Other techniques to make sure you get the most out of your fitness regimen while staying safe include:
Slowly progress. Even if you were physically active prior to your therapy, gradually increase your exercise level. This can help you avoid harm and becoming frustrated.
Exercise in a secure setting. If your immunity has been compromised by therapy, stay away from huge gyms where germs can readily spread.
Pay attention to your body. If your energy level is low, reduce the length or intensity of your workout until you feel better.
Keep yourself hydrated. To minimize dehydration, drink plenty of water during your workouts.
Consume a well-balanced diet. The appropriate nutrients, particularly those high in protein, aid in the recovery of your body after exercise. An oncology dietitian can assist you in creating a food plan.

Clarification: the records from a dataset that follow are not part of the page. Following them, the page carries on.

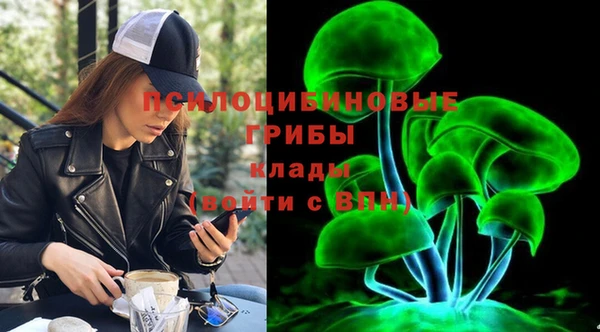 спиды Белокуриха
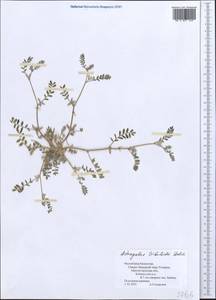 Astragalus tribuloides Delile, Middle Asia, Caspian Ustyurt & Northern Aralia (M8) (Kazakhstan)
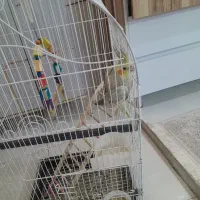 عروس هلندی ماده با قفس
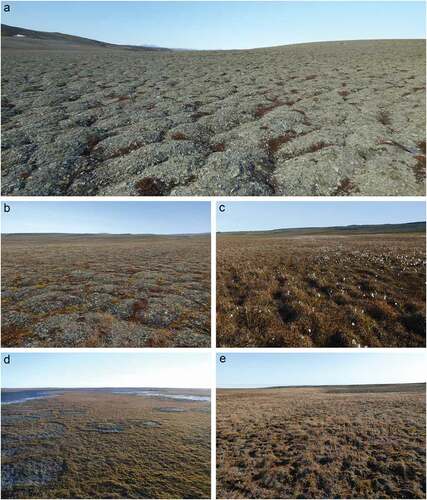 Figure 3. General appearance of five community types identified at Alert (Nunavut, Canada). a. Forb-dominated barren (Community II). b. Forb-dominated tundra (Community I). c. Sedge-dominated wetland (Community III). d. Moss-dominated wetland (Community IV). e. Grass-dominated wetland (Community V)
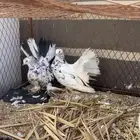 جوز رقاص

See your doctor on a regular basis. During treatment, your health may change. Make sure your doctor checks crucial health markers like your blood count to see if you can exercise safely.
Keep yourself updated and learn more about the steps you can take following treatment to ensure that your fitness regimen is safe and effective.
The guidelines for cancer survivors are:
After diagnosis and therapy, avoid inactivity and resume normal daily activities as soon as possible.
Regularly engage in physical activities.
Begin gently and gradually increase your physical activity.
Increase your weekly moderate activity to 150 minutes - 300 minutes.
Exercise for at least 10 minutes multiple times per week.
Include resistance training workouts in your weekly routine at least twice.
Stretching exercises should be done at least twice a week.
Physical wellness can be impacted by cancer surgery and therapies in a variety of ways, including muscle weakness, trouble balance, limited range of motion, and more. Physical therapy can help to restore physical function and strength as part of the healing process, allowing you to maintain or regain your quality of life.